Jae-min Cho, Senior Director at Eli Lilly Korea, said: “It’s encouraging that the government has designated biotechnology as a strategic national industry.
However, the conservative value assessment practices of innovation hinder access for patients.” Cho pointed to ▲ Conservative evaluations that focus on price cuts rather than value recognition; ▲ Short evaluation periods (5–10 years) that fail to reflect long-term drug value; and ▲ even groundbreaking drugs developed after decades are often compared against the cost of outdated, low-priced drugs, as main challenges that hinder “Social consensus is needed on setting appropriate weighting factors and premiums that meet the Korean context.
Only through continuous institutional improvements by the government, academia, and industry can we simultaneously achieve patient accessibility and industrial innovation.”

industry bears responsibility too” Responsibility within the industry itself was mentioned, alongside systemic limitations.
Calls continued for the pharmaceutical industry to prioritize patient access as its foremost value.
Dailypharm journalist Yoon-ho Eo remarked, “While the government and industry engage in reimbursement battles, many drugs are being pushed out of the priority list and disappearing.
As a result, patients are losing timely access to essential medicines.” He added, “Companies tend to concentrate reimbursement strategies only on flagship products.

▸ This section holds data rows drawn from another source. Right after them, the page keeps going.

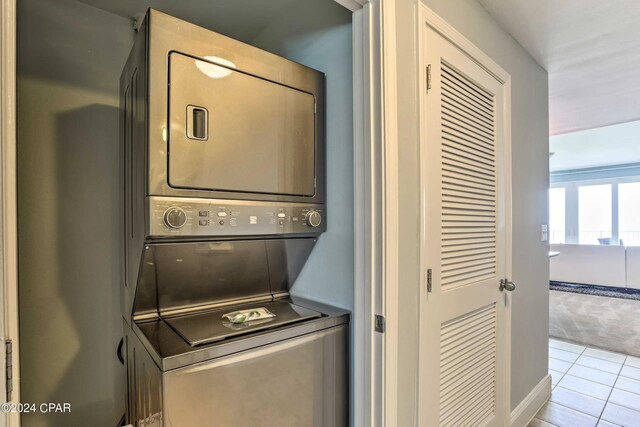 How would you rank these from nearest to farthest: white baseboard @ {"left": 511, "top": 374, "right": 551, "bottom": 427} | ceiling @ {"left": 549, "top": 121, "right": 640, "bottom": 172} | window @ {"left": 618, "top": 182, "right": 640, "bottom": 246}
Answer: white baseboard @ {"left": 511, "top": 374, "right": 551, "bottom": 427} → ceiling @ {"left": 549, "top": 121, "right": 640, "bottom": 172} → window @ {"left": 618, "top": 182, "right": 640, "bottom": 246}

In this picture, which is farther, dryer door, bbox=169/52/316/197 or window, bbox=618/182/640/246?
window, bbox=618/182/640/246

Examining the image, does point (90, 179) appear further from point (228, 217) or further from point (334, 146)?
point (334, 146)

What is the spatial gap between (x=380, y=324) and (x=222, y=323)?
1.81 ft

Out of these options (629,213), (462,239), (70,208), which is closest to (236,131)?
(70,208)

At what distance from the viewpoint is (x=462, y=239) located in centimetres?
155

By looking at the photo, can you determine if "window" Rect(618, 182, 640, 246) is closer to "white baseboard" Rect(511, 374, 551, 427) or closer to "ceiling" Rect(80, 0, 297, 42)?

Alongside government efforts, the industry must itself prioritize expanding patient access.” Specific improvement tasks were also proposed.
Tae-Kyung Kim, a specialist at Yoon&Yang criticized the practice of cost-effectiveness-centric evaluations and stressed the need for new approaches.
Kim noted, “It's a positive change that various values beyond cost-effectiveness are now reflected in evaluations, leading to higher reimbursement rates for new drugs that would have struggled to gain listing in the past.
However, in practice, rather than recognizing the value of new drugs, the structure has solidified into one where the government reduces uncertainty through risk-sharing agreements (RSAs).” “The transfer of uncertainty via risk-sharing agreements is effectively resulting in ‘self-pay by pharmaceutical companies.
Health technology assessments must become more flexible to reflect realistic real-world treatment patterns.” Moderator Eui-Kyung Lee, Professor at Sungkyunkwan University’s College of Pharmacy, said, “Post-COVID-19, two values—patient safety and speed—have simultaneously come to the fore.
It is essential to find a balance between health insurance finances, timeliness, and safety, while adopting a more multi-dimensional and flexible approach for evaluating the value of innovative medicines.”